In heating steel to harden it, especial care is necessary, particularly when the tool is one finished to size, if its form is slight or irregular, or if it is a very long one, because unless the conditions both of heating and cooling be such that the temperature is raised and lowered uniformly throughout the mass, a change of form known as warping will ensue. If one part gets hotter than another it expands more, and the form of the steel undergoes the change necessary to accommodate this local expansion, and this alteration of shape becomes permanent. In work finished and fitted this is of very great consideration, and, in the case of tools, it often assumes sufficient importance to entirely destroy their value. If, then, an article has a thin side, it requires to be so manipulated in the fire that such side shall not become heated in advance of the rest of the body of the metal, or it will become locally distorted or warped, because, though there may exist but little difference in the temperature of the various parts, the more solid parts are too strong to give way to permit the expansion: hence the latter is accommodated at the expense of the form of the weakest part of the article.

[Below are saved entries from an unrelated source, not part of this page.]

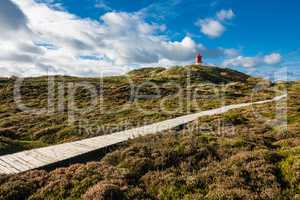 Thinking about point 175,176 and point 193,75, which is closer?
point 175,176

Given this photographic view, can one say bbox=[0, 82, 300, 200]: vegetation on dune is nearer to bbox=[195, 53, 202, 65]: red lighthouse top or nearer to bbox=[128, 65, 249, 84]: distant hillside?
bbox=[128, 65, 249, 84]: distant hillside

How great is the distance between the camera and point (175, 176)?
10711 millimetres

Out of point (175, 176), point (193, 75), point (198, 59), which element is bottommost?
point (175, 176)

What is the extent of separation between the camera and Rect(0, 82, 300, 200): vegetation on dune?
366 inches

Pieces, such as long taps, are very apt to warp both in the fire and in the water. In heating, they should rest upon an even bed of coked coal, and be revolved almost continuously while moved endways in the fire; or when the length is excessive, they may be rested in a heated tube, so that they may not bend of their own weight. So, likewise, spirals may be heated upon cylindrical pieces of iron or tubes to prevent their own weight from bending or disarranging the coils.

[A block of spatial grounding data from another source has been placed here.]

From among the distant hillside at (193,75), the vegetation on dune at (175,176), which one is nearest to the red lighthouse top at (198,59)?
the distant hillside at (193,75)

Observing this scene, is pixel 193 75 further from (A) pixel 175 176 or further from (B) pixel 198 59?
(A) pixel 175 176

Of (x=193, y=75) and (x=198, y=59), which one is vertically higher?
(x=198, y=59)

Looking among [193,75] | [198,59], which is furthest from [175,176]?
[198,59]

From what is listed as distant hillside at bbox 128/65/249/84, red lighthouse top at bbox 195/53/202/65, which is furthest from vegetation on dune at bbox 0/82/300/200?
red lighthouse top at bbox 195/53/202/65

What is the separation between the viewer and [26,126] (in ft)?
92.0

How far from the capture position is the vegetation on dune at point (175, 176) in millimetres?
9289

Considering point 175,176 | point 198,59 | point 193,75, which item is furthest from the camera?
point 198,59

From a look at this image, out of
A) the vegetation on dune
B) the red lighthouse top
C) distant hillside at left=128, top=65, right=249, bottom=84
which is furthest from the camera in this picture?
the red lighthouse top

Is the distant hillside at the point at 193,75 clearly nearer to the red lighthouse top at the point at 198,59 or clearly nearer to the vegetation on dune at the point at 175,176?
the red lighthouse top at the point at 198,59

Experiments have demonstrated that the greater part of the hardness of steel depends upon the quickness with which its temperature is reduced from about 500° to a few degrees below 500°, and metal heated to 500° must be surrounded by a temperature which renders the existence of water under atmospheric pressure impossible; hence, so long as this temperature exists the steel cannot be in contact with the water, or, in other words, the heat from the steel vaporizes the immediately surrounding water. The vapour thus formed penetrates the surrounding water and is condensed, and from this action there is surrounding the steel a film of vapour separating the water from the steel, which continues so long as the heat from the steel is sufficiently great to maintain the film against the pressure of the water and the power of the water which rushes toward the steel to fill the spaces left vacant by the condensation of the vapour as it meets a cooler temperature and condenses. The thickness of the vapour film depends mainly upon the temperature of the steel; but here another consideration claims attention. As the heated steel enters the water the underneath side is constantly meeting water at its normal temperature, while the upper side is surrounded by water that the steel has passed by, and, to a certain extent, raised the temperature of. Hence, the vapour on the underneath side is the thinnest, because it is attacked with colder water and with greater force, because of the motion of the steel in dipping. For these reasons it is desirable, especially with thick pieces of steel, to inject the water in a full stream upon the article, as is done in the Brown & Sharpe hardening tanks.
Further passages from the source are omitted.